### About this exercise
Out of the material that follows, write out exactly the lines from the line with "Sparkling Stars on" to the line with "Business man and woman with a balloonのイラスト素材", both ends included, and no others.

#### Material shown ####

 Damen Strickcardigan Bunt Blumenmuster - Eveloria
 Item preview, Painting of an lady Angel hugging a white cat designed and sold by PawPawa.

####
#### Material shown ####

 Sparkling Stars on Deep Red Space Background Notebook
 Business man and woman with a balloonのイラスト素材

####

### Finished task
 Sparkling Stars on Deep Red Space Background Notebook
 Business man and woman with a balloonのイラスト素材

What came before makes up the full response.